Chillona contuvo el aliento.
—¿Quieres ofrecerles a Kukutux? ¿Por qué la has elegido? ¿No es mejor Madero Largo o Pelo Azul? Ninguna de las dos tiene marido.
—Son viejas.
—¿Y Ojos Redondos?
—Tiene que cuidar de sus hijos.
—¿Los comerciantes saben algo de la herida del brazo de Kukutux?
—No, pero tampoco hay que preocuparse —replicó Roca Dura—. Rema, cose y pesca. Su brazo no tiene la menor importancia.
—Las cicatrices son visibles.
—Da igual, bastará con que no se quite la suk.
—¿Y cuando comparta el lecho de los comerciantes?
—¿Quién podrá ver las cicatrices en la oscuridad del espacio para dormir? Además, estuve en su ulaq cuando no llevaba la suk y las cicatrices no son tan espeluznantes.
Chillona se encogió de hombros.
—Si la rechazan iré yo.
—¿No echarás de menos a tu marido?
—¿Hay mucha diferencia entre un marido y otro? Sé coser, preparar la comida y trenzar cestas. Procuro no ofender a los espíritus.
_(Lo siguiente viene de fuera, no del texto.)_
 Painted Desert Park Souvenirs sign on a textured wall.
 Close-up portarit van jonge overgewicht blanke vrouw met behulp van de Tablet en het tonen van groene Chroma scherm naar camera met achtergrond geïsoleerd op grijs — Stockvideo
Soy fuerte y engendro rorros sanos. ¿Los hombres necesitan algo más?
—Acabas de decir que tu marido no sabe compartir —le recordó Roca Dura—. Tú tienes hijos y Kukutux no.
—Mis hijos saben cuidar de sí mismos y mi marido no se negará a compartirme… si sabe que a cambio recibirá un estómago de aceite.
—En ese caso, te ruego que me ayudes —insistió el jefe de los Cazadores de Ballenas—. Los comerciantes me han ofrecido dos estómagos de foca con aceite a cambio de Kukutux. Si colaboras te daré uno.
Chillona permaneció un rato en silencio y luego esbozó una lenta sonrisa y asintió parsimoniosamente con la cabeza.
—Te ayudaré —aceptó—. ¿Qué quieres que haga?